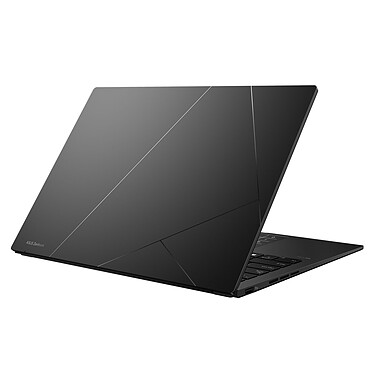 Acheter ASUS Zenbook 14 OLED UM3406HA-QD048W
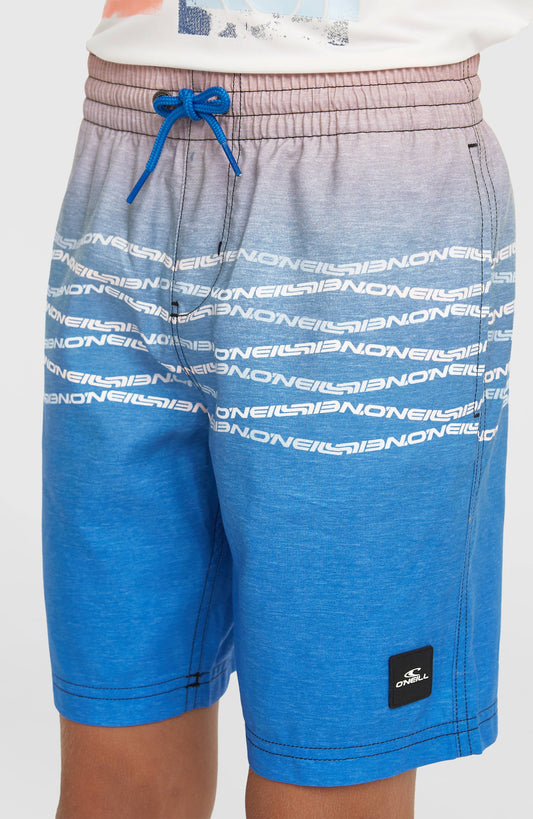 Kids O'Neill First Swimshorts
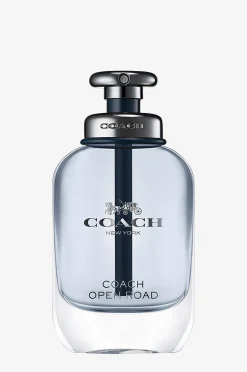 Open Road EdT 40 ml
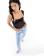 Thumbnail 1 van 4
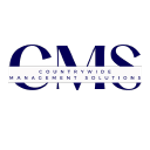 Countryside Management Solutions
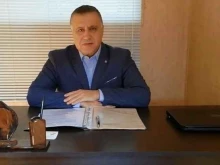 Ведение дел в судах Адвокатский кабинет Петросова А.Р. в Краснодаре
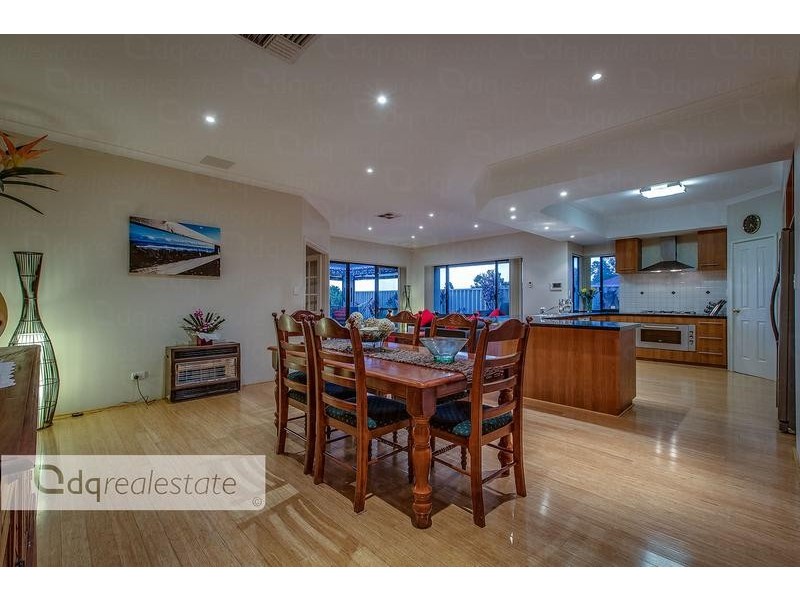 38 Carosa Road, Ashby WA 6065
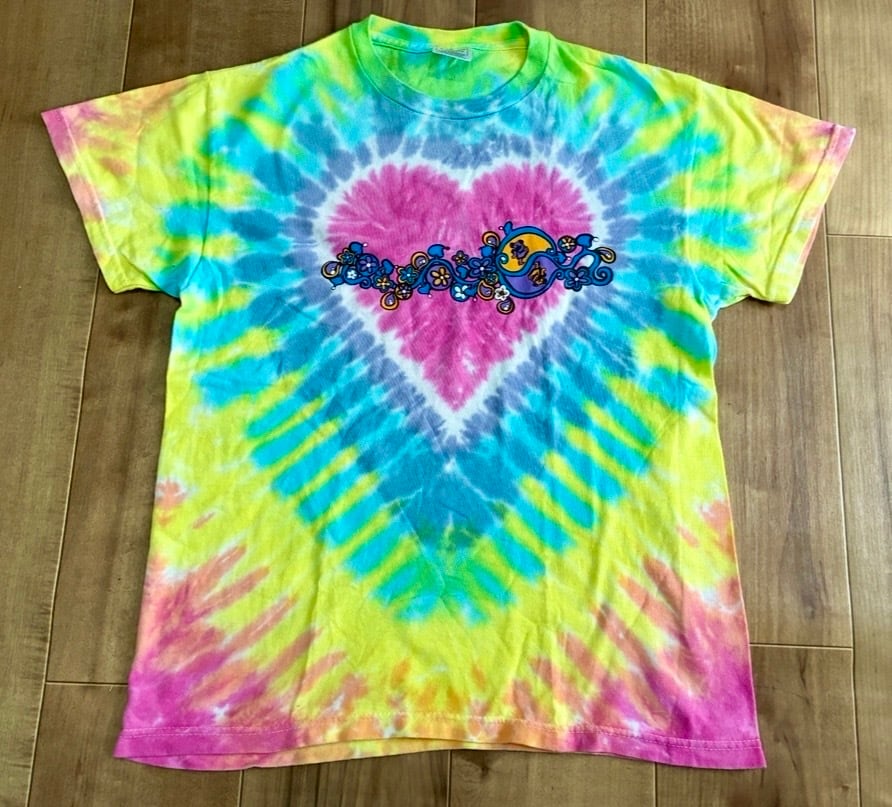 パルプフィクション Mrウルフ ハーヴェイカイテル Tシャツ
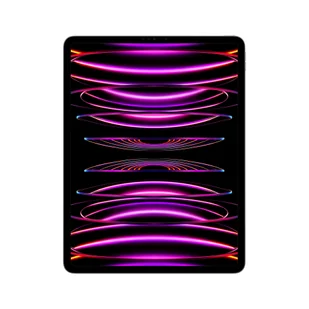 APPLE iPad Pro 12.9" 6 gen. 1TB Wi-Fi Space Grey MNXW3HC/A - Tablety - miniaturka - grafika 1
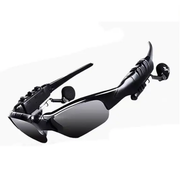 Bluetooth Sunglasses by salelink.co.nz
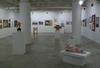 20120715161134-resize_image_front
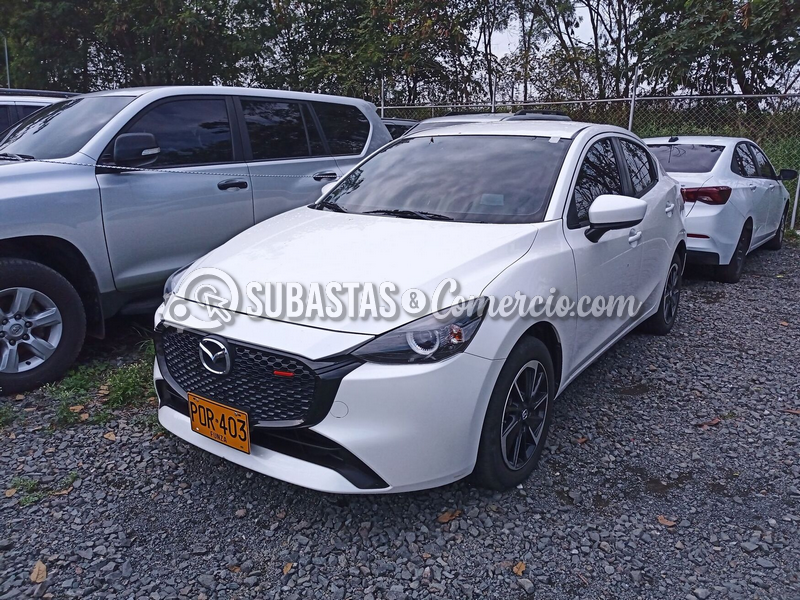 por403_4.png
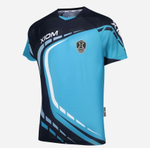 Xiom Shirt Vincent mint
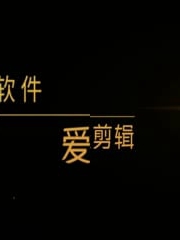 ٶйϵ-ҵıƱƱطۣһ¾ˮ1080P,255P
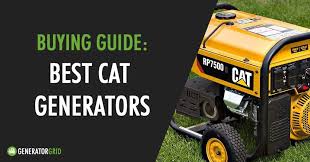 They have a running output of at least 6500 watts and a peak surge wattage that is usually 7000 watts to 9000 watts. Cat Portable Generators Compare Inv1250 Vs Inv2000 Vs Rp3600 Vs Rp12000 More Portable Generator Reviews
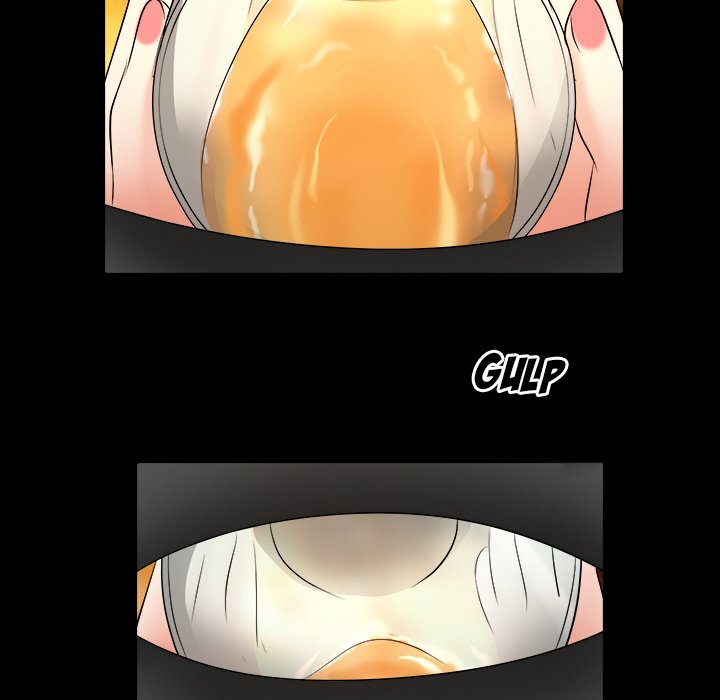 My Love Natsumi - Chapter 7 [photo 81] - MangaPorn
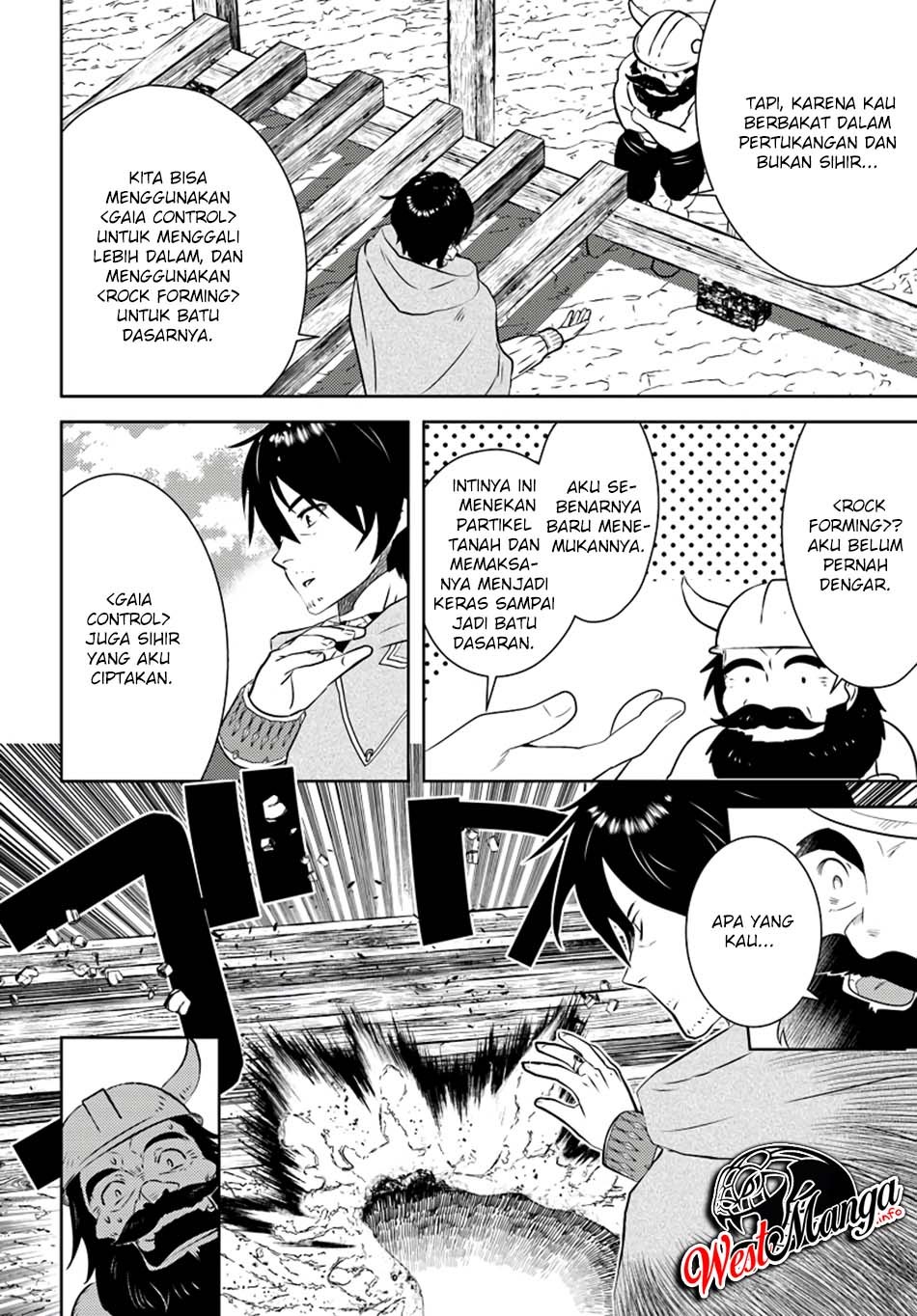 Chapter 18 - halaman 23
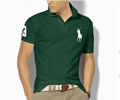 Ralph Lauren Men Polo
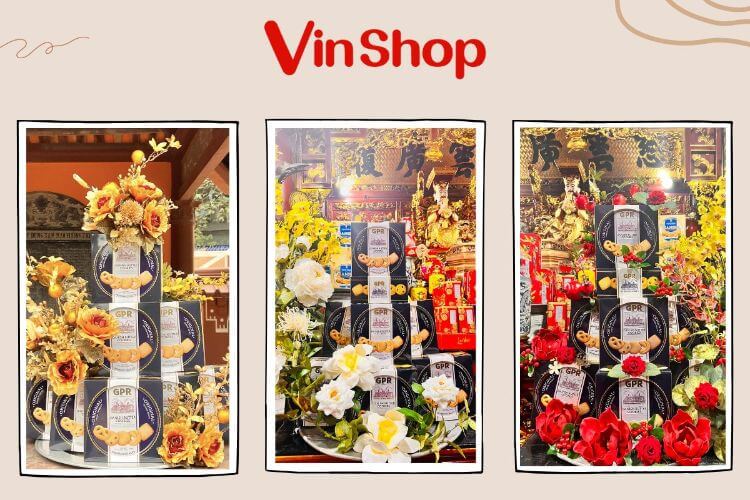 h&igrave;nh ảnh đi ch&ugrave;a lễ Phật 0070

■ **What you are asked to do**
Please write out the lines above exactly, from the one that contains "Kids O'Neill First Swimshorts" through the final line, and include none of the pictures.

■ **Task answer**
 Kids O'Neill First Swimshorts
 Open Road EdT 40 ml
 Thumbnail 1 van 4
 Countryside Management Solutions
 Ведение дел в судах Адвокатский кабинет Петросова А.Р. в Краснодаре
 38 Carosa Road, Ashby WA 6065
 パルプフィクション Mrウルフ ハーヴェイカイテル Tシャツ
 APPLE iPad Pro 12.9" 6 gen. 1TB Wi-Fi Space Grey MNXW3HC/A - Tablety - miniaturka - grafika 1
 Bluetooth Sunglasses by salelink.co.nz
 20120715161134-resize_image_front
 por403_4.png
 Xiom Shirt Vincent mint
 ٶйϵ-ҵıƱƱطۣһ¾ˮ1080P,255P
 They have a running output of at least 6500 watts and a peak surge wattage that is usually 7000 watts to 9000 watts. Cat Portable Generators Compare Inv1250 Vs Inv2000 Vs Rp3600 Vs Rp12000 More Portable Generator Reviews
 My Love Natsumi - Chapter 7 [photo 81] - MangaPorn
 Chapter 18 - halaman 23
 Ralph Lauren Men Polo
 h&igrave;nh ảnh đi ch&ugrave;a lễ Phật 0070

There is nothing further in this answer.